La fin de l’année approche, et pour tous les amoureux de jeux vidéo, c’est l’heure du grand débat habituel : quel titre mérite le titre prestigieux de meilleur jeu de l’année 2022 ? Cette année, deux prétendants se détachaient nettement du peloton aux Game Awards : Elden Ring, de FromSoftware, et God of War : Ragnarok, de Santa Monica Studios. C’est la pépite signée Hidetaka Miyazaki qui s’est imposée; voici quelques points qui peuvent expliquer cette vicoire méritée.
Parce qu’il faut récompenser la prise de risque
Avec Elden Ring, Miyazaki et ses troupes se sont imposé un chantier absolument monumental. Rappelons que ce titre hérite directement du patrimoine génétique de la série Dark Souls. Il s’agit d’une franchise clivante, en grande partie à cause de ses mécaniques exigeantes qui ont rapidement fait prendre la fuite à certains joueurs.
Au fil des 3 épisodes (4 en comptant Demon’s Souls), FromSoftware a peaufiné sa recette et maîtrise désormais parfaitement son sujet. Ce n’est pas pour rien si l’on parle désormais de « souls-like » ; pour les amateurs du genre, c’est une recette qui propose des saveurs qu’on ne retrouve nulle part ailleurs dans le monde du jeu vidéo. Cela a permis au studio de se construire une fanbase extrêmement dévouée qui continue encore de faire vivre tous les titres de la franchise aujourd’hui.

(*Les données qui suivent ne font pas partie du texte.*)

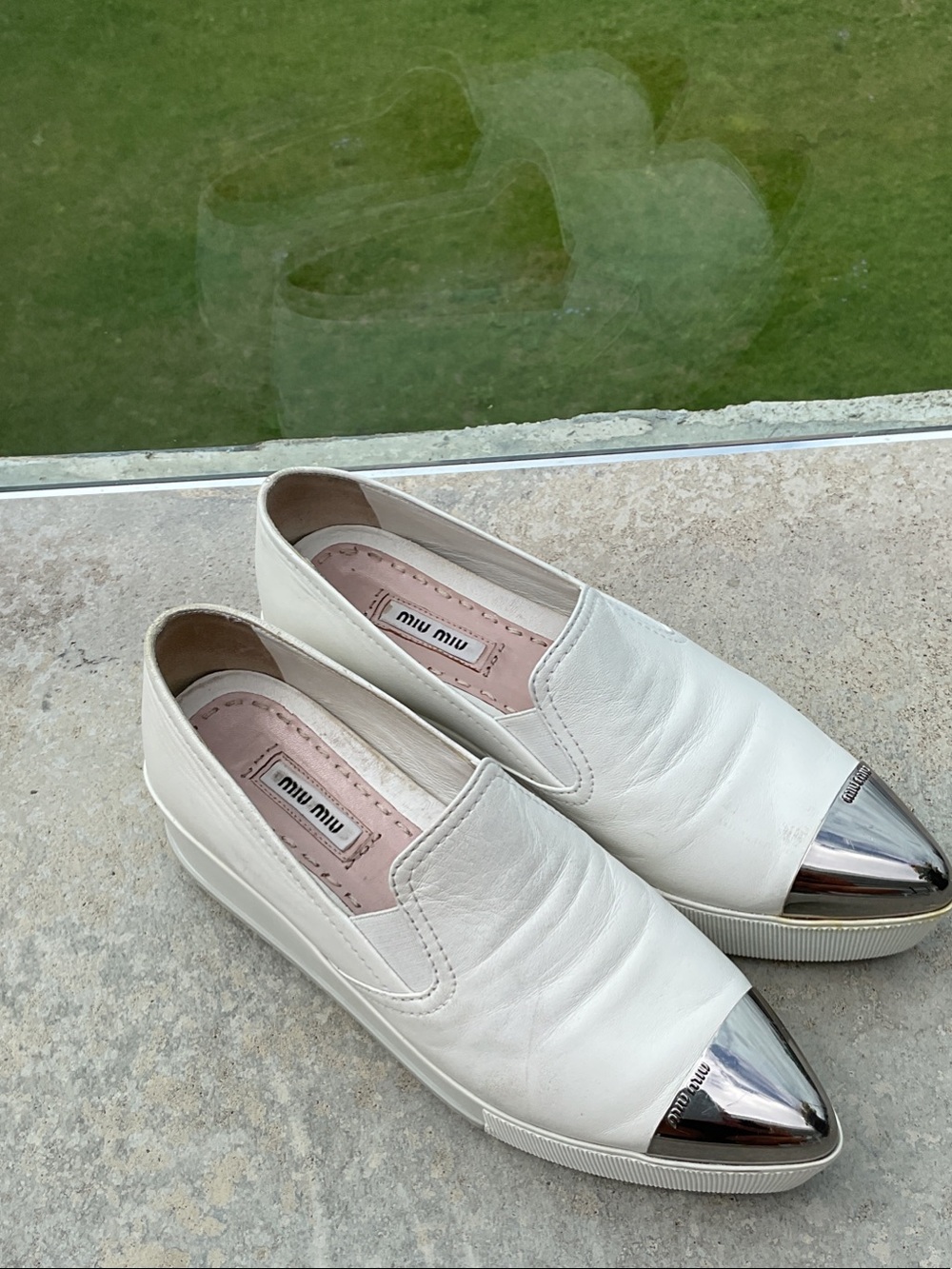 Miu Miu White Leather Slip-On Sneakers with Silver Cap Toe and Wedged Heel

Miyazaki aurait donc aisément pu continuer à faire ce qu’il fait de mieux en enchaînant avec un Dark Souls 4 immédiatement. Mais à la place, il a opté pour un grand écart spectaculaire : terminée, l’architecture à base de séquences linéaires savamment interconnectées qui a fonctionné à la perfection depuis plus de dix ans. Avec Elden Ring, le studio a proposé un monde ouvert immense, ce qui implique de repenser complètement l’expérience.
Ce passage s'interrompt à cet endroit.